Ce texte, lu à la télévision nationale, encadre un spectre très large de prestations puisque « sont soumis à la RCN les services numériques étrangers consommés en République de Guinée (…) services de diffusion audio, vidéo, jeux et contenus interactifs, publicité numérique, services en nuage, SaaS, e-commerce, plateformes de réservation en ligne. »
Pour matérialiser ce contrôle fiscal et technique, le décret instaure un dispositif institutionnel structurant basé sur la Plateforme d’Analyse et de Régulation Numérique (PARM) et le Fonds de Souveraineté Numérique (FSN).
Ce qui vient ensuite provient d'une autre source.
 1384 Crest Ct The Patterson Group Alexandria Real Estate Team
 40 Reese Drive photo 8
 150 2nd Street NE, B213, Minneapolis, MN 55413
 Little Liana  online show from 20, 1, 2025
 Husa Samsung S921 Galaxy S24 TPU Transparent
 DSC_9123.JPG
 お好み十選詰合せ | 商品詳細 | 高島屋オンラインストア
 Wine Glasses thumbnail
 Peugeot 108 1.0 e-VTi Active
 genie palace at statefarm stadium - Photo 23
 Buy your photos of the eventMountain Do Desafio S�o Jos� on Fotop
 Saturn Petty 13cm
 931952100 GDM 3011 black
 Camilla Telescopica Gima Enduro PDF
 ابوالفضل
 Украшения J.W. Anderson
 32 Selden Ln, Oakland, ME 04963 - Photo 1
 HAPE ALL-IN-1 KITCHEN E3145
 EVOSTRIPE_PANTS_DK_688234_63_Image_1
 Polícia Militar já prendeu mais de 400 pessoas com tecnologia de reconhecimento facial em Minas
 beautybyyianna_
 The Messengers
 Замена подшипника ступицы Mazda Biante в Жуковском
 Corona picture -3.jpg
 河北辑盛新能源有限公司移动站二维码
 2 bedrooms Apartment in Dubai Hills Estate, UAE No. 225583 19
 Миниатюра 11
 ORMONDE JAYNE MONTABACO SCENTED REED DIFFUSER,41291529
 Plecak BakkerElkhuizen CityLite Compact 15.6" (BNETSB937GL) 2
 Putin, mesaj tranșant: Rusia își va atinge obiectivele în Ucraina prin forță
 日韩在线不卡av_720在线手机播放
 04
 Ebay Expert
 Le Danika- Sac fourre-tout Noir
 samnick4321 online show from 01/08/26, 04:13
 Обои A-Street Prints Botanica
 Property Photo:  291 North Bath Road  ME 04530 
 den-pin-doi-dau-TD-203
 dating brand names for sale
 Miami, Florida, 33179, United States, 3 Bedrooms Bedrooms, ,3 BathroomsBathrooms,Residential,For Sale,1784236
Désormais, la consommation sur le territoire national ne pourra plus se cacher derrière le virtuel, le texte précisant que « la consommation d’un service numérique étranger est réputée localisée en République de Guinée dès lors qu’au moins un des indices suivants est réuni : adresse IP, moyen de paiement, numéro de téléphone, adresse de facturation ou configuration du compte. »
Sur le plan financier, l’État guinéen impose une taxation modulable : « le taux de la RCN est fixé entre 1,5 % et 7 % selon les catégories de services », avec une période transitoire de 12 mois affichant un taux unique réduit. L’argent collecté par la RCN et centralisé par le FSN servira à financer les infrastructures locales, la cybersécurité et l’innovation.
Pour contraindre les multinationales à la transparence, l’Autorité de régulation des postes et télécommunications (ARPT) est propulsée au centre de l’échiquier, appuyée par un arsenal coercitif sévère. En effet, « en cas de non-conformité, peuvent être prononcées des sanctions financières, pénalités proportionnelles, publication de la sanction, ou restriction d’accès au service pour une durée maximale de 6 mois », après un ultime sursis de 30 jours accordé aux opérateurs récalcitrants.